My kids remind me all the time that as a genealogist, I talk about some strange topics. When I get together with other genealogists, they understand why I get so excited about those subjects. Just the other day when I was holding a stack of phone books, I noticed an ad on the back of a phone book from the 1950s talking about how “modern homes have colored phones.” The woman pictured had three different colored phones in three different areas of her house. She could enjoy the “comfort and prestige of a well-telephoned home” by choosing any or all of the eight beautiful colors with matching extension cords. It was “convenience unlimited!”
My coworkers laughed a little over how far telephones have come over the years. Now, people rarely worry about the cost of long-distance calls. In 1957, a three-minute phone call during the evening from one coast to the other cost $1.90. I now comprehend why my mom made the shortest long-distance calls ever. Party lines have become obsolete. If you don’t understand the concept of a party line, check out a copy of the movie Pillow Talk with Rock Hudson and Doris Day. Other phone memories I have include the first phone we bought at a store (you used to have to get them from the phone company), answering machines, call waiting, cordless phones, and even QWERTY texting on cell phones.

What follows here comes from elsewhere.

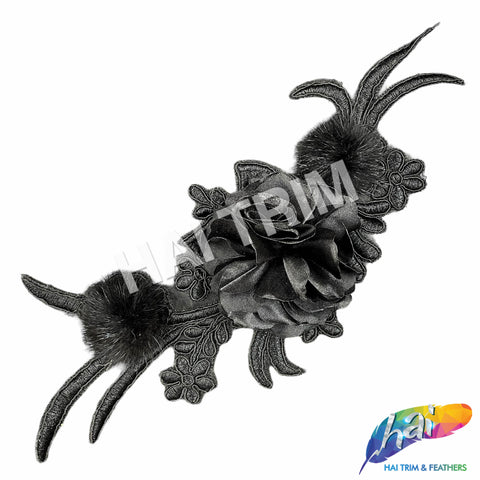 Black Chiffon Embroidered Flower Applique with Mink Fur, EMBF-001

The Midwest Genealogy Center has an entire section of city directories from all over the country as well as a few from foreign countries. If you want “convenience unlimited” today, try searching over a billion city directory records from 1821 to 1989 using HeritageQuest Online. Using a city directory for genealogy is always a good call.
City directories help us put our ancestors in a certain place at a certain time so we can break down some genealogy brick walls. Recently, I found my ancestor’s daughter listed on a passenger list. The record contained her married name, so I used a city directory in her hometown in Germany to find her husband at the address listed on the passenger list.
How have city directories helped you in your genealogy research?